For millennia it has been accepted that the mission of the warrior, to be a manager of violence in defense of the nation, demands higher standards of discipline, conduct, and morality. Have our elected officials of the 21st century discovered something that eluded leaders of civilized societies for millennia?

Some attempt to argue that prohibiting gays in the military is discrimination, essentially equating gay rights with other civil rights. This has always been a baseless argument. We Catholics recognize that it is wrong to discriminate against people because of a physical trait that they are born into (e.g. people of color, women, some of the disabled) because people by and large cannot choose their physical traits. How people behave is quite a different matter. Acting out on a same-sex attraction is an act of a person’s free will and a chosen behavior. Government has no more business endorsing and protecting the gay lifestyle anymore than it has endorsing any other destructive behavior.

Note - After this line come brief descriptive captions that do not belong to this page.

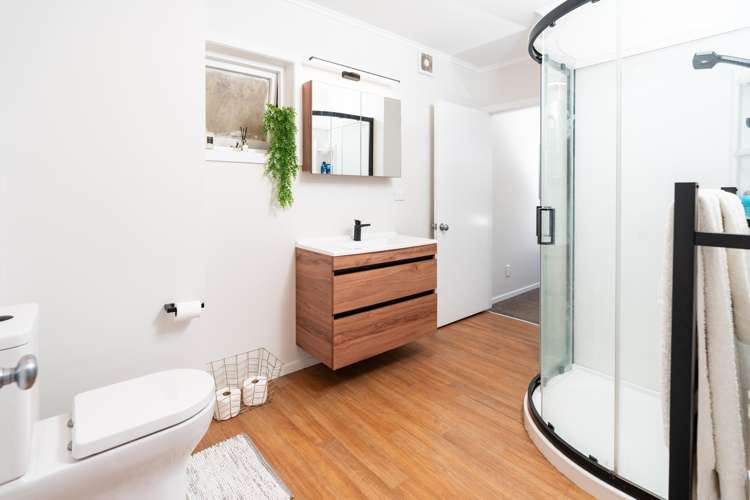 7 Pimble Avenue Karori_8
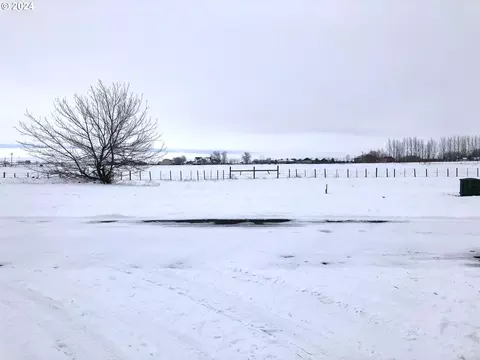 604 N Simeon St, Joseph, OR 97846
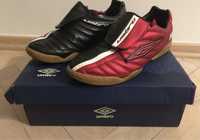 Buty Halowe Umbro 41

It is the role of God, and through His instrument the Church, to define morality. Government has no business attempting to define morality. Government is not God.

By the action of repealing DADT, the Congress of the United States and the President will be presuming the rightful role of the Church by defining what is and is not moral behavior. Like another immoral behavior that our government (in this example the judicial branch) has presumed moral, will our elected officials try to promote that homosexual behavior should also be “safe, legal and rare?”

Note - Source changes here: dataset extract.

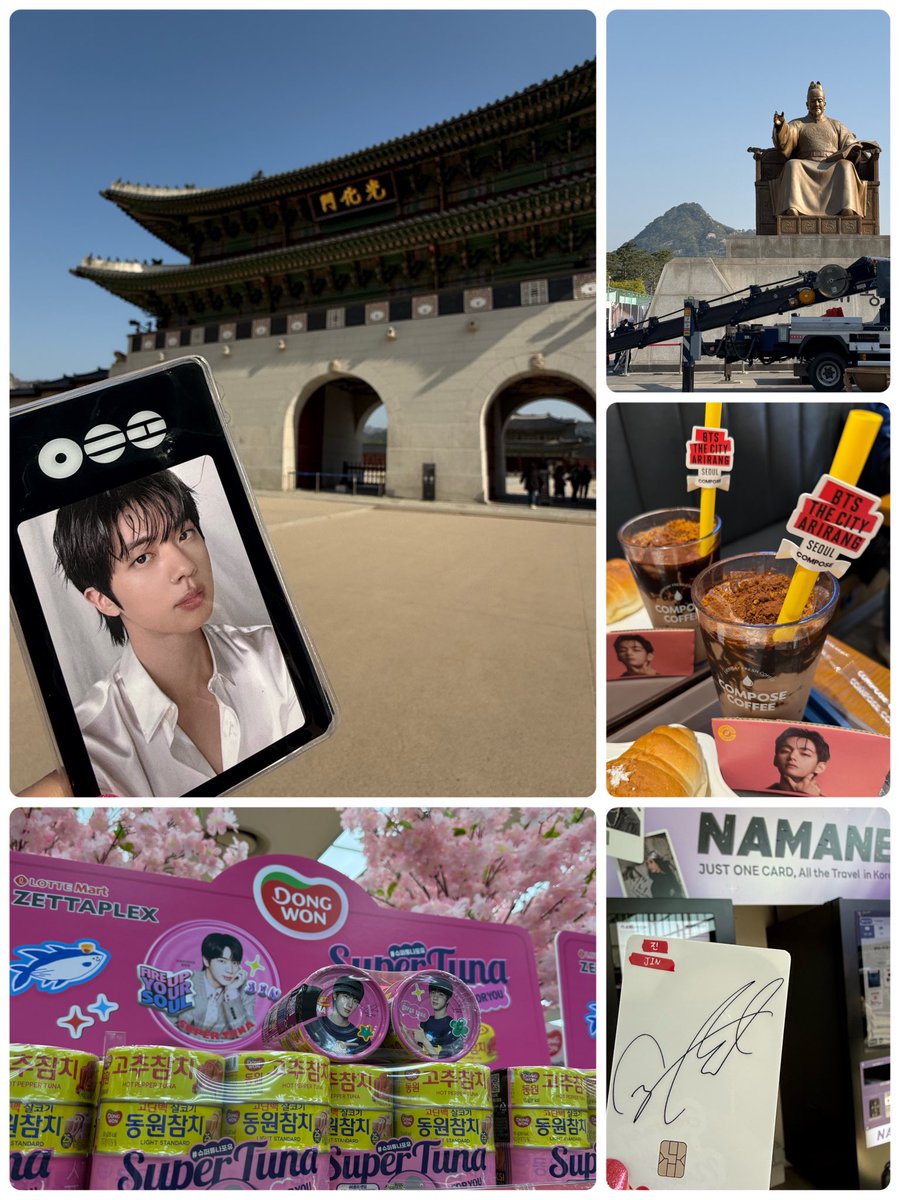 Ricco🐹 tweet media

Looming Problems – Why this Matters to Catholics

More pragmatically and rather problematically, the repeal concerns the role of military chaplains. What is to become of Catholic chaplains, who minister to servicemen and -women everyday, as well as preach each Sunday on the evils of immoral behavior, including the intrinsic evil that is homosexual behavior? Military chaplains have been imbedded with US forces since the American Revolution. Task forces of Navy ships have chaplains embarked. Each of the service academies have several chaplains assigned to them. Every military facility of appropriate size has a base or post chapel. With the repeal of DADT, will the government now assert control of the content of homilies and sermons to prevent references to homosexuality?

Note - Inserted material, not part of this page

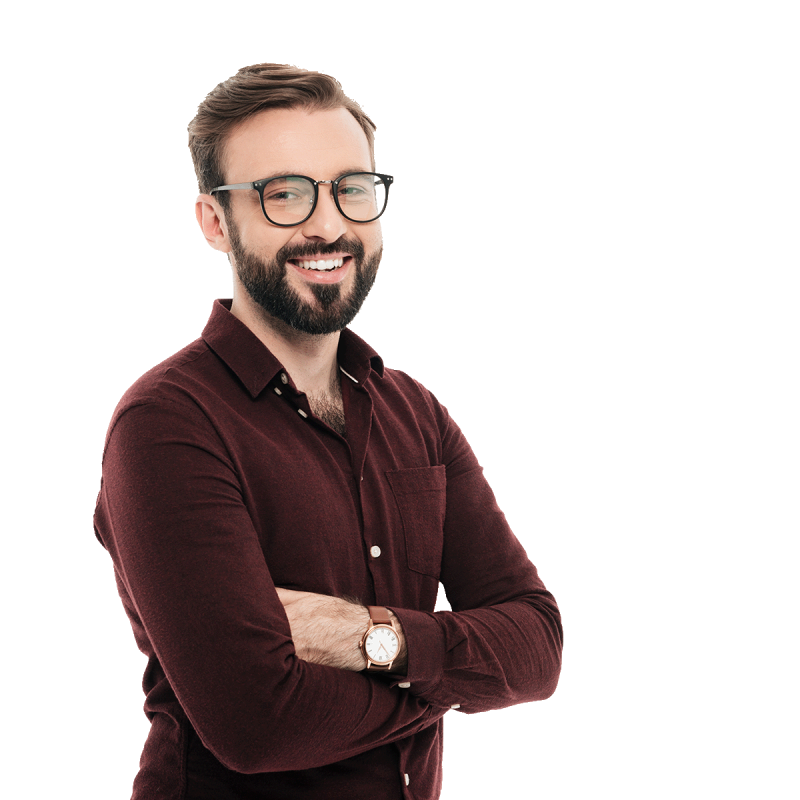 Speaker Image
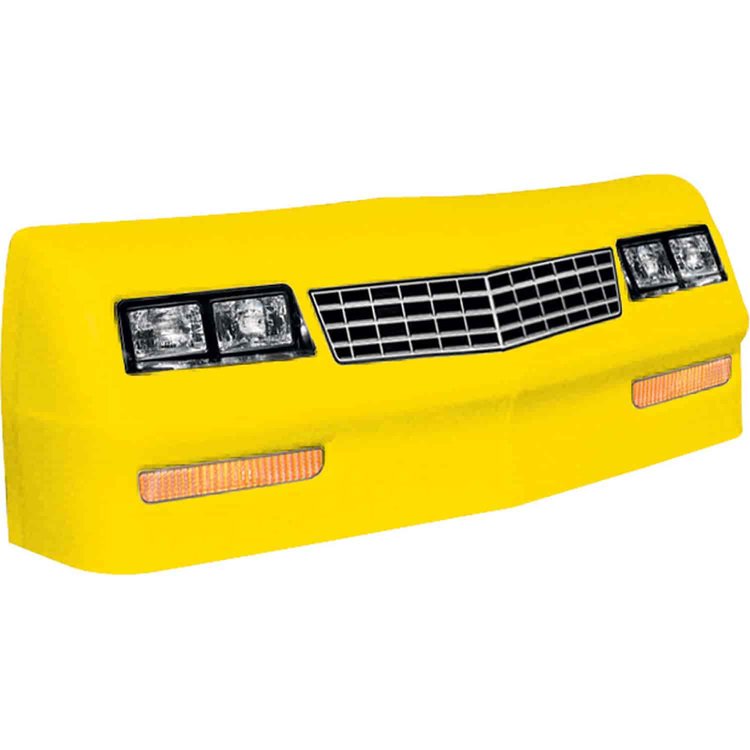 Nosepiece Cover 1983-88 Monte Carlo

What about service members who heed the Gospel call to bring the message of Christ to the world? Will military service be incompatible for Christians and Jews who believe and witness that homosexual behavior is evil and sinful? Will such Christians and Jews be disciplined and separated from the service? Or, more likely, will DADT transform into “We won’t ask you if you are a faithful Christian and you better not tell us you are a faithful Christian?”

Will military service become incompatible with being a faithful Catholic?

Love of God and love of country, expressed by tens of millions of Americans who have chosen to serve our country in the US military, has been a defining element of the United States.

To believe as we have been led to believe that repeal of DADT will not affect good order and discipline is sheer lunacy.  Ideas matter. Beliefs matter. Our nation was founded upon—and millions of people have sacrificed their lives for—ideas and beliefs.

If government is willing to endorse one type of immoral behavior, where will they stop? It seems clear that legally binding same-sex marriages cannot be far away. If government has established itself as the arbiter of such behavior, then we Catholic Christians should be rightly scared.